A representative for NAFCU, which gave Price a $1,000 donation following the Dec. 10 plea, denied any improprieties related to the campaign contribution. “NAFCU made a contribution to Rep. Price’s campaign, as it routinely does to many congressional campaigns,” said Patty Briotta, spokesman for NAFCU. “It is our understanding from what we have read that this centers around the auto-dealer amendments to the financial reform bill that NAFCU neither took a position on nor lobbied.”
Two other House members are facing potential charges from the ethics committee, formally known as the House Committee on Standards of Official Conduct. They are California Republican John Campbell, also a member of the Financial Services Committee, and New York Democrat Joe Crowley, a member of the tax-writing Ways and Means Committee, which had jurisdiction of the tax-related provisions in the bank bill.
Campbell denied wrongdoing. “I am perplexed by [the Office of Congressional Ethics’] decision, as they have presented no evidence that would suggest wrongdoing,” he said in a statement.

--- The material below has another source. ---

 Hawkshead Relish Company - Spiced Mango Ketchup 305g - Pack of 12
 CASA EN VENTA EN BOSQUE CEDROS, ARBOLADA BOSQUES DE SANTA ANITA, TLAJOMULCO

Crowley’s office did not respond to requests for comment.
The ethics office recommended no further investigation of five other lawmakers in the same probe: Republicans Jeb Hensarling of Texas, who led the opposition to the bank bill, Christopher Lee of New York and Frank Lucas of Oklahoma, and Democratic Reps. Earl Pomeroy of North Dakota and Melvin Watt of North Carolina.
Officials at the Office of Congressional Ethics and the House Ethics Committee declined to comment. But a letter sent by the OCE to one congressional office noted that there could be an ethics violation if a lawmaker “solicited or accepted contributions in a manner which gave the appearance that special treatment or access was being provided to donors or the appearance that contributions were linked to an official act.”